Scorecards and similar tools help fleets identify drivers who need attention – as well as those who should be rewarded
Increasing driver pay during a recession may seem counterintuitive. But as Greg Brown and other fleet executives know, funding pay raises with the extra cost savings or revenues that drivers produce is a no-brainer.
In January, B.R. Williams started paying its drivers a monthly performance bonus. The amount that drivers receive varies according to the scores they obtain in three categories – revenue, operations and safety. The program already has paid big dividends for the Oxford, Ala.-based company.
“We have positively enhanced our operation across the board,” says Brown, chairman and chief executive officer of the 165-truck fleet.
Each month, drivers are eligible to receive a maximum bonus of 1.5 cents per mile, or about $140 to $200. Going forward, Brown says drivers will have to earn any future raises with their scores.
Besides using financial incentives to improve performance, B.R. Williams puts drivers’ pride on the line. Every month, drivers receive a ranked list in their mailboxes for fuel mileage, revenue productivity and other categories. “They don’t want to be anywhere near the bottom,” Brown says.
Initially, drivers might have a negative perception of any new program that monitors their performance, especially when it might result in less pay. To be effective, incentives or differential pay programs must be realistic and attainable for the driver – and easy for the company to manage. Technology can automate the management aspect with new tools to monitor and score driver performance from highly accurate and unbiased sources of information.
Building the base
At any time, drivers must perform at a high level for a company to stay profitable – and that’s never been as true as today, considering the current economic climate.

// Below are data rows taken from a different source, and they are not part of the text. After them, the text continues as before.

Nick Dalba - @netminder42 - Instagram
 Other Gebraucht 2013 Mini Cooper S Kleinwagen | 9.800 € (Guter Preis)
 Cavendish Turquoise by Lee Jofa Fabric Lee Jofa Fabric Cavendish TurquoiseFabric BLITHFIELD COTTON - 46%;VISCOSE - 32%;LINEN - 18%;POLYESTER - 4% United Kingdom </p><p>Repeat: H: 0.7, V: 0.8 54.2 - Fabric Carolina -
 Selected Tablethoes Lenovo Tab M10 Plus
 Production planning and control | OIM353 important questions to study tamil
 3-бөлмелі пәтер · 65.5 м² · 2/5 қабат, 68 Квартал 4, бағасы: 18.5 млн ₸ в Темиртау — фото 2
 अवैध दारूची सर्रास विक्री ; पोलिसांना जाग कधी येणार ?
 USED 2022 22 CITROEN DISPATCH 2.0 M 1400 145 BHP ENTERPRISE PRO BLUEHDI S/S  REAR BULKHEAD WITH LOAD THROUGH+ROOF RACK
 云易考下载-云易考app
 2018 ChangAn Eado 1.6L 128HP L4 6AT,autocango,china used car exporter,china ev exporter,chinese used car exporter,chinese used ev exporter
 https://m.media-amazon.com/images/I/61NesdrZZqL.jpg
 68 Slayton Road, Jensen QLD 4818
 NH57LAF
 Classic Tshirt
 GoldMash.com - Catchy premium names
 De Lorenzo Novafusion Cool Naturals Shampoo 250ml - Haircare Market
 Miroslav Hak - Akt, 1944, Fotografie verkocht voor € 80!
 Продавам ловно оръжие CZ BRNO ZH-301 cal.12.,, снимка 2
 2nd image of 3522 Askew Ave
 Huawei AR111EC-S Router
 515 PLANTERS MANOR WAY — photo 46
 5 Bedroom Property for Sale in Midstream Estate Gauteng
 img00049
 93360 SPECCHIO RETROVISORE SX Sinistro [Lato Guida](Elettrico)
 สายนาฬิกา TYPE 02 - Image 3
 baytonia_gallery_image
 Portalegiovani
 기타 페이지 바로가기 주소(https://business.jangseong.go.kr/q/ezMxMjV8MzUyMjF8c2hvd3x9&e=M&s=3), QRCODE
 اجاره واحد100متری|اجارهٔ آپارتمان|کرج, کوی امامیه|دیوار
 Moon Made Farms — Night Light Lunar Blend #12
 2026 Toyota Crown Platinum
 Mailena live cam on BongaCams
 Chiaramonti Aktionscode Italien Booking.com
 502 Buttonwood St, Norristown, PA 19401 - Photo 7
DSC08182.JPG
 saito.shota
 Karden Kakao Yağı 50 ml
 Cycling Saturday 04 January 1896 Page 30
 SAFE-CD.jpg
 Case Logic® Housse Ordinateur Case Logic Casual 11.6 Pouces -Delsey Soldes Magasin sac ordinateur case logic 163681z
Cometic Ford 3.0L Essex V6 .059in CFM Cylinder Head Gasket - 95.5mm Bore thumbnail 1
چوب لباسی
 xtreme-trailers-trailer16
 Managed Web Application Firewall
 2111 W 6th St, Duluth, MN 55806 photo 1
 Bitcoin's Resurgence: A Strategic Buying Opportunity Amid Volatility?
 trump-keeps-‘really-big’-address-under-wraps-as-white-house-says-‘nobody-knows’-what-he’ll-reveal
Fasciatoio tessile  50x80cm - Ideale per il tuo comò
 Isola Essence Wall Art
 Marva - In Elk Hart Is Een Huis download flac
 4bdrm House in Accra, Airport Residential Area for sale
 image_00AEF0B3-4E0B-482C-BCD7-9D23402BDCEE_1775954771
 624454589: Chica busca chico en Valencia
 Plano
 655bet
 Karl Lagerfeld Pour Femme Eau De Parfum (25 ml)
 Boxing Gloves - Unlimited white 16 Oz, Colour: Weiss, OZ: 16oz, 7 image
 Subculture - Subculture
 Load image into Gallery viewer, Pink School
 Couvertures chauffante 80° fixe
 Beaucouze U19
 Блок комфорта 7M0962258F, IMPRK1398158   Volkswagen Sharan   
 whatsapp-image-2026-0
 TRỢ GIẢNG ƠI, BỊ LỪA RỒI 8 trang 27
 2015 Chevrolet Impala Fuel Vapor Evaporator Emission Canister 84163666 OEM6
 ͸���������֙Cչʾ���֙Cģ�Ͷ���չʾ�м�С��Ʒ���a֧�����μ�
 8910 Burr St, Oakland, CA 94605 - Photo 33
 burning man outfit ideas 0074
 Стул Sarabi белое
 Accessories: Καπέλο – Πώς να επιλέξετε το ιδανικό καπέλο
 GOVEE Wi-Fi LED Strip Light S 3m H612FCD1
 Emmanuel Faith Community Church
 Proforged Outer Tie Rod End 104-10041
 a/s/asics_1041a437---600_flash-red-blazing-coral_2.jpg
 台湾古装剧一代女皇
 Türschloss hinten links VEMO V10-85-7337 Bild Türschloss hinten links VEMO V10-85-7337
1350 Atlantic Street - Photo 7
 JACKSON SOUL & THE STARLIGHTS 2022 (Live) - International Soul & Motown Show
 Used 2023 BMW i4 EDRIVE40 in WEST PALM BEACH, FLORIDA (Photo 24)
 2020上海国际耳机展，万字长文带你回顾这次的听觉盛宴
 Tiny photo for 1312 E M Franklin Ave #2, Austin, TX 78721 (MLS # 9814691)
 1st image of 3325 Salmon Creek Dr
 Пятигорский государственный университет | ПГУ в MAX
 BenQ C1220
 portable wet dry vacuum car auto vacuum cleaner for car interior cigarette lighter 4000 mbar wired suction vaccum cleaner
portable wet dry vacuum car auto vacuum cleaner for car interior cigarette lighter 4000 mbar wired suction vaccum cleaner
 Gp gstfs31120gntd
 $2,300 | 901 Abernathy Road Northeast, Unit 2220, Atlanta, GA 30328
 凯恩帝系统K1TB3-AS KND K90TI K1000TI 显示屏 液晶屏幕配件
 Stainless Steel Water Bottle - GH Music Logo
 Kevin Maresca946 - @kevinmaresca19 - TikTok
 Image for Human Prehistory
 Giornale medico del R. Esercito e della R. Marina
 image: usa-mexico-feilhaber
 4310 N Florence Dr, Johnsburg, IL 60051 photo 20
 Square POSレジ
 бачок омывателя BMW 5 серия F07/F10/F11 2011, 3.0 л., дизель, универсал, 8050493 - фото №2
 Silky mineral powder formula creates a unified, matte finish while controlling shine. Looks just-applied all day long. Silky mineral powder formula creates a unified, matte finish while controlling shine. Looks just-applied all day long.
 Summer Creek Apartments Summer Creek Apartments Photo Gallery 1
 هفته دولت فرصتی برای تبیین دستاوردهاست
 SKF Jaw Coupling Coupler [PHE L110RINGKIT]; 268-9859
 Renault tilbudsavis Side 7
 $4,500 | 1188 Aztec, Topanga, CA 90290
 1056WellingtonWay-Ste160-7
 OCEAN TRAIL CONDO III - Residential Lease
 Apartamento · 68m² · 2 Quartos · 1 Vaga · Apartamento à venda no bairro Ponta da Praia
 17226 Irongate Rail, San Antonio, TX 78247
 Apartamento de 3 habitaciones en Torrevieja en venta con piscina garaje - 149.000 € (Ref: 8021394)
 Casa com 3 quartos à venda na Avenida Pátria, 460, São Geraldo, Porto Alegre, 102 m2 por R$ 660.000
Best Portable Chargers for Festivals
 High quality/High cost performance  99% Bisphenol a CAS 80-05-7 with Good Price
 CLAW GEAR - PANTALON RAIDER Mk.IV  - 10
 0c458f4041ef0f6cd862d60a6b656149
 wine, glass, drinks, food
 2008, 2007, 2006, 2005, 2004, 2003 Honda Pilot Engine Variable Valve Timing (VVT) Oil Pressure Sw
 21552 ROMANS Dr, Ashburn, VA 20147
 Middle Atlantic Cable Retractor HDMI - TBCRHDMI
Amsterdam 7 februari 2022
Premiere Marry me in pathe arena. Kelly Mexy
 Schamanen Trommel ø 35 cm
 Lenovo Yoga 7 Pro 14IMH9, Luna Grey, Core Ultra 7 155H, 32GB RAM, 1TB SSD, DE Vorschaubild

But for less-than-truckload carriers, tying performance to variable pay is a risky proposition. Owners or executives at LTL carriers would love to introduce variable pay, but “the current system doesn’t provide the incentive for a really productive worker to step out of the box and be extra-productive,” says Dave Ward, a partner with ThoughtDrivers, a firm specializing in business performance for the trucking industry.
Most LTL carriers mimic union pay structures where drivers are paid an hourly wage fixed by experience and tenure. “It’s a riskier time to be experimental,” says Ward, a former LTL executive. That’s because the union “card check” legislation that the Obama administration and many members of Congress have pledged to enact will make it easier for employees to unionize over issues such as management making changes to their pay, he says.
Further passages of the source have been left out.